Thursday, June 6, 2013

Is the Beloved Community Like a Toastmasters Club?

At Toastmasters clubs, you pay your dues for the privileges of attending the programs and associating with people who also want to become better speakers, but there’s no loyalty expected to or from the club.  In fact, I’m going to drop out of my club for a month because I want to take a Spanish class that meets at the same time.  At Toastmasters clubs, there’s no reason for the organization to concern itself with its members’ lives.  
In Unitarian Universalist congregations, you likewise pay for the privilege of attending the programs and associating with people with similar goals.  Except in our congregations we hear the phrase “The Beloved Community.”   Doesn’t this phrase imply some kind of loyalty from the members to the institution and from the institution to the members?  Shouldn’t a church organization be different from a booster club?

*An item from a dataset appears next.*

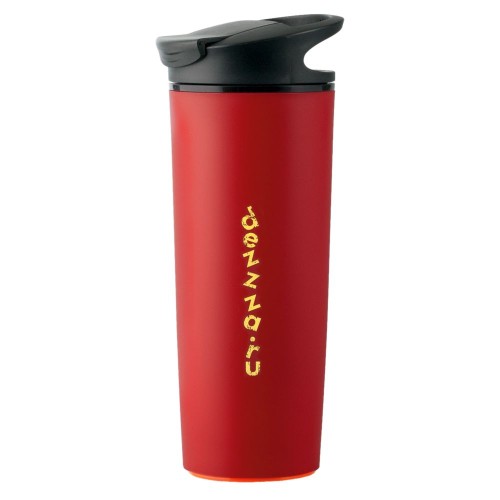 Купить Термостакан fixMug, красный с нанесением логотипа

Christine Robinson’s blog (http://iminister.blogspot.com/2013/05/beloved-community.html) points out that some people object that only one’s family is beloved, not one’s fellow congregants.  The latter are merely like neighbors.  
But who is my neighbor, the young man asked Jesus?  Jesus replied with the story of the Good Samaritan who acted as neighbor to the man who fell among thieves.  The Good Samaritan, whom the Jews despised, went the extra mile for a stranger.  Can members of a congregation be that kind of neighbor to each other?